The broligarchs’ ranks also include the PayPal and Palantir co-founder Peter Thiel—Vice President–Elect J. D. Vance’s mentor, former employer, and primary financial backer—as well as venture capitalists like Marc Andreessen and David Sacks, both of whom added millions of dollars to Trump’s campaign. Musk, to be sure, is the archetype. The world’s richest man has reportedly been sitting in on the president-elect’s calls with at least three heads of foreign states: Ukraine’s Volodymyr Zelensky, Serbia’s Aleksandar Vučić, and Turkey’s Recep Tayyip Erdoğan. Musk joined Trump in welcoming Argentine President Javier Milei at Mar-a-Lago and, according to The New York Times, met privately in New York with Iran’s ambassador to the United Nations in a bid to “defuse tensions” between that country and the United States. Recently, after Musk publicly endorsed the financier Howard Lutnick for secretary of the Treasury, some in Trump’s camp were concerned that Musk was acting as a “co-president,” The Washington Post reported.

[Read: Musk’s Twitter is a blueprint for a MAGA government]

Musk doesn’t always get what he wants; Trump picked Lutnick to be secretary of commerce instead. Even so, the broligarchs’ ascendancy on both the foreign- and domestic-policy fronts has taken many observers by surprise—including me, even though I wrote last August about the broligarchs’ deepening political alignment with Trump. Though some of them have previously opposed Trump because of his immigration or tariff policies, the broligarchs share his politics of impunity: the idea that some men should be above the law. This defiant rejection of all constraint by and obligation to the societies that made them wealthy is common among the world’s ultrarich, a group whose practices and norms I have studied for nearly two decades. Trump has exemplified this ethos, up to the present moment: He is currently in violation of a law—which he signed into effect during his first term—requiring incoming presidents to agree to an ethics pledge.

Trump—who infamously said of sexual assault, “When you’re a star, they let you do it”—cites his celebrity as a basis for his elevation above the law.
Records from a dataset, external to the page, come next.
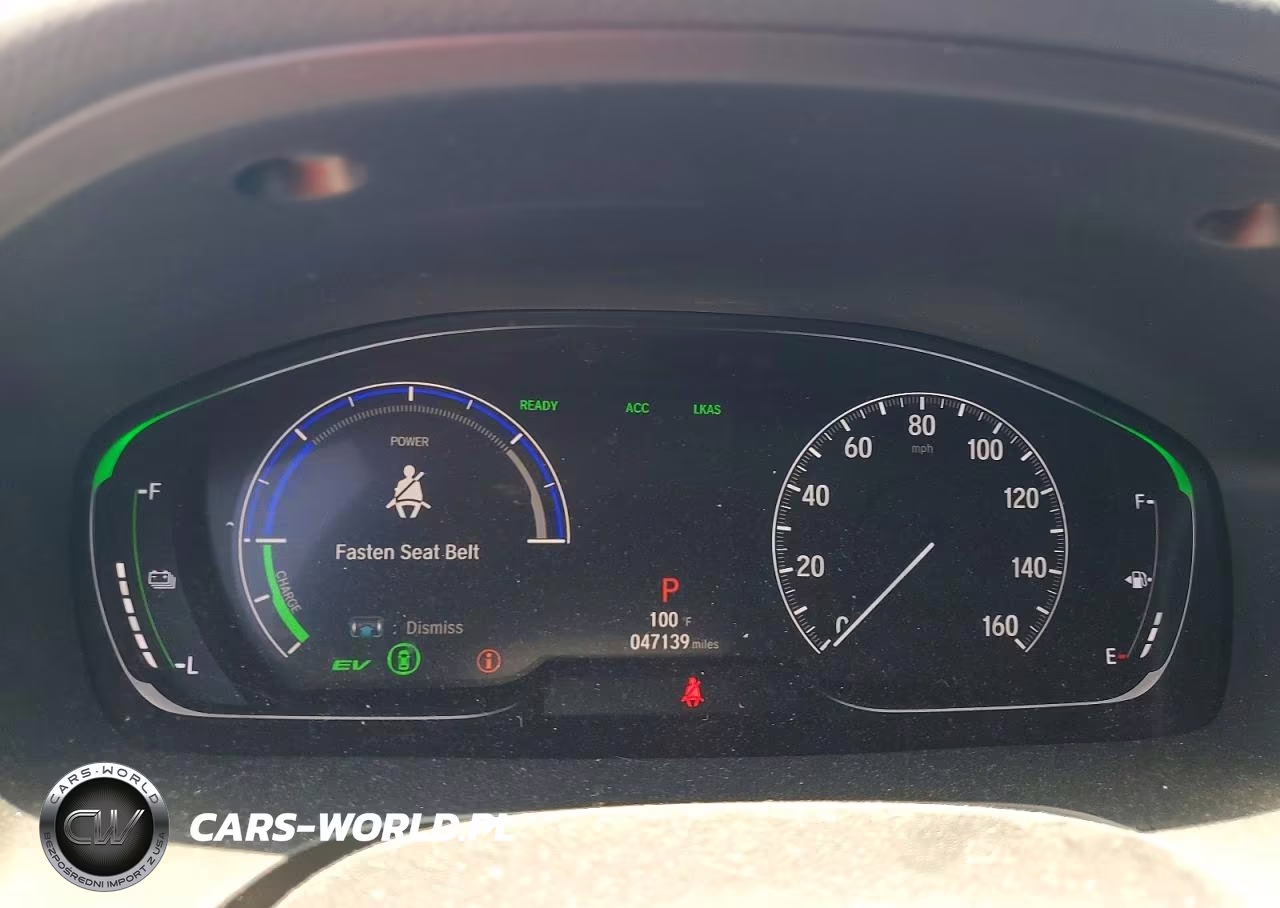 2019 Honda Insight Touring VIN:19XZE4F95KE020373 - 9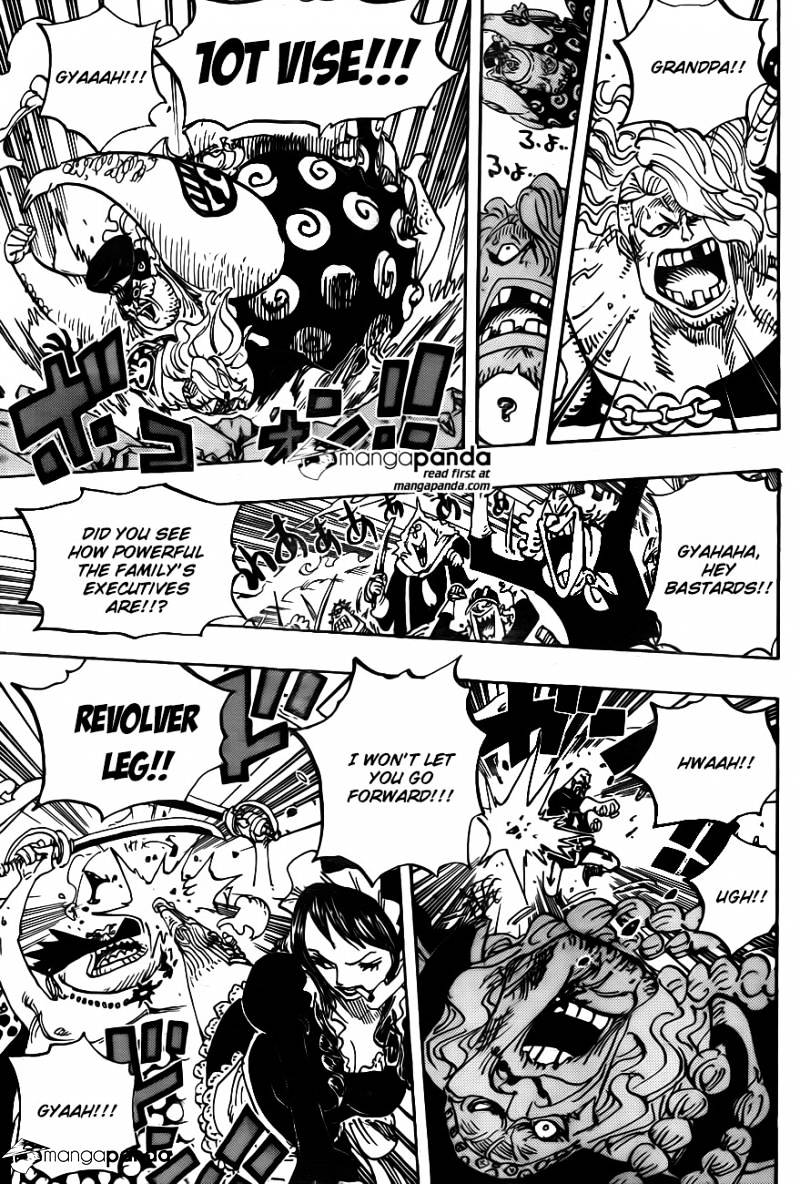 One Piece - Chapter 753 : Battle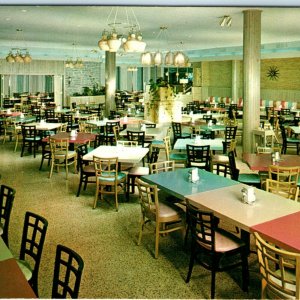 c1950s Orlando, FL Driftwood Cafeteria Postcard Restaurant James Woodhouse A41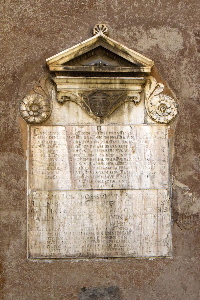 Piazza_di_S_Pietro_in_Montorio-Chiesa_omonima-Lapide_reli_Spagna-1506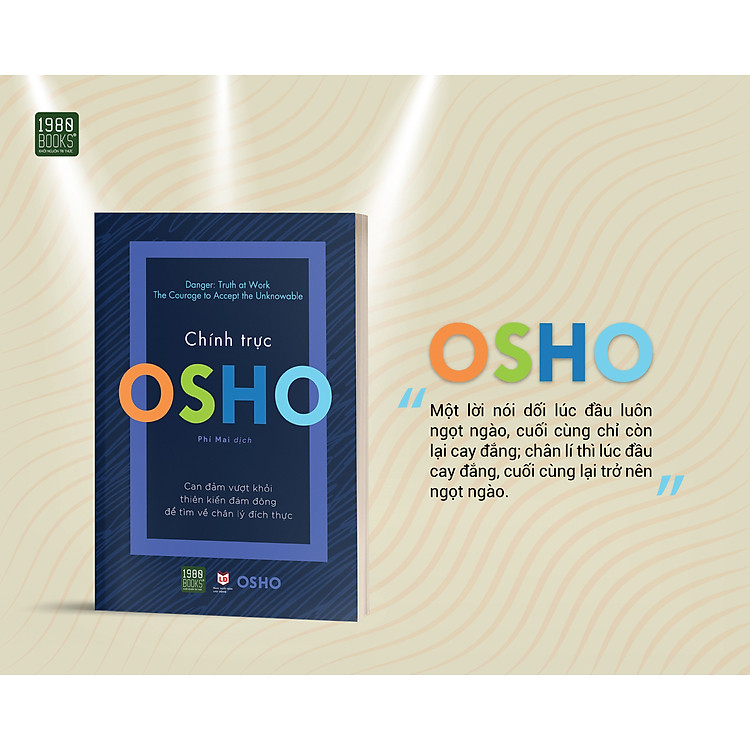 Osho - Chính trực - Ảnh 2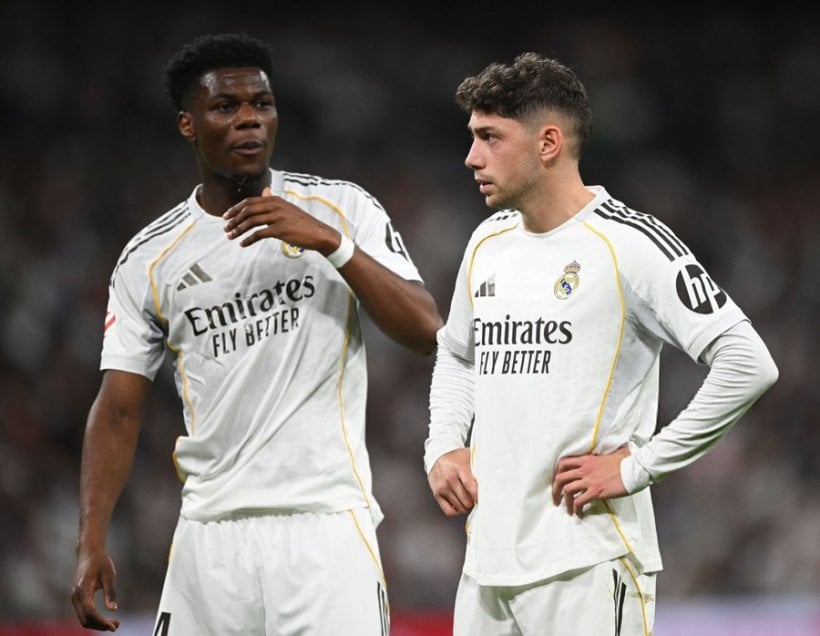 Tchouaméni reveals his relationship with Valverde after last season's incident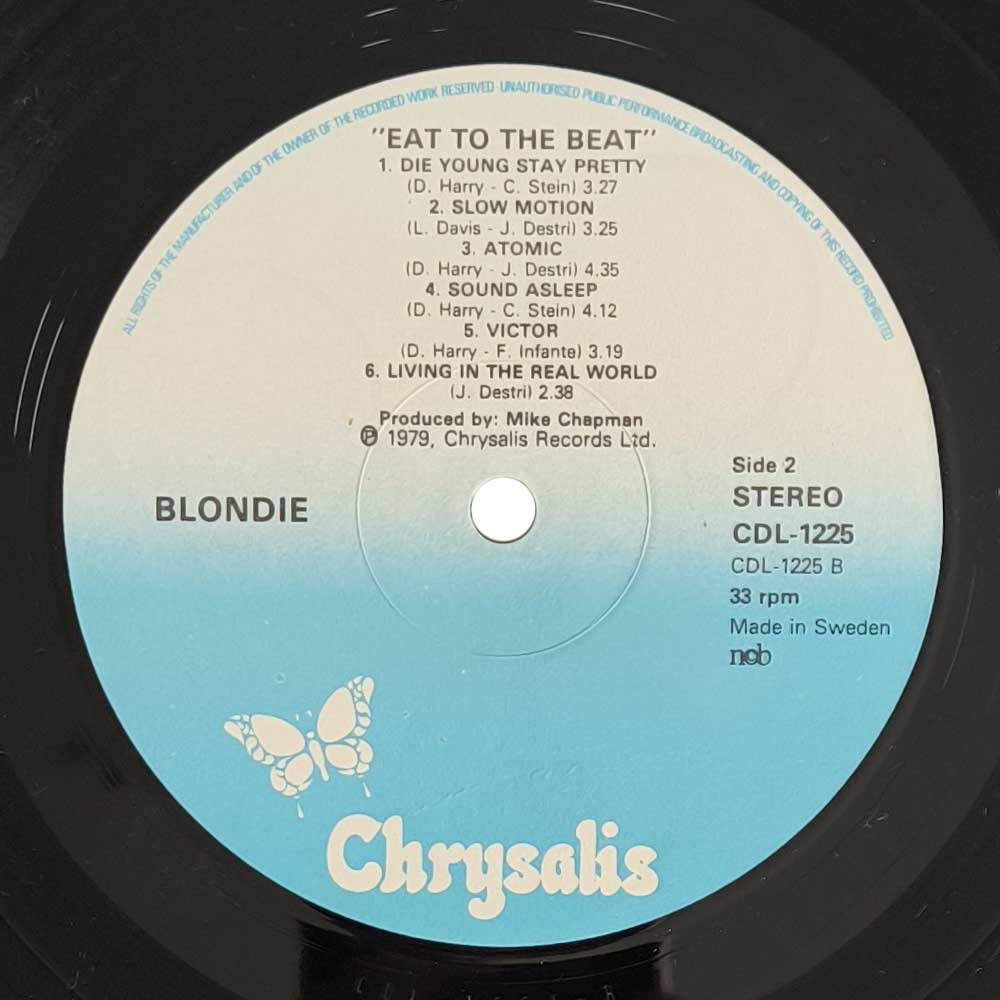 Blondie - Eat To The Beat (LP)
Many broligarchs also see themselves as exceptional beings, but arrived at that view through a different path: via science fiction, fantasy literature, and comic books. Ideas from these genres have long pervaded Silicon Valley culture; last year, Andreessen published a manifesto calling for “Becoming Technological Supermen,” defined by embarking on a “Hero’s Journey” and “conquering dragons.”

Superhero narratives also appear to inform many of Musk’s more eccentric political views, including his reported belief that the superintelligent have a duty to reproduce, and may help explain why in September he reposted a claim that “a Republic of high status males” would be superior to our current democracy. Last week, Musk likened Matt Gaetz, Trump’s then-nominee for attorney general, to Judge Dredd, a dystopian comic-book character authorized to conduct summary executions. Musk seems to have meant this as a compliment. He described Gaetz—who, until his resignation from the House, was under a congressional investigation in connection with an alleged sex-trafficking scheme—as “our Hammer of Justice.”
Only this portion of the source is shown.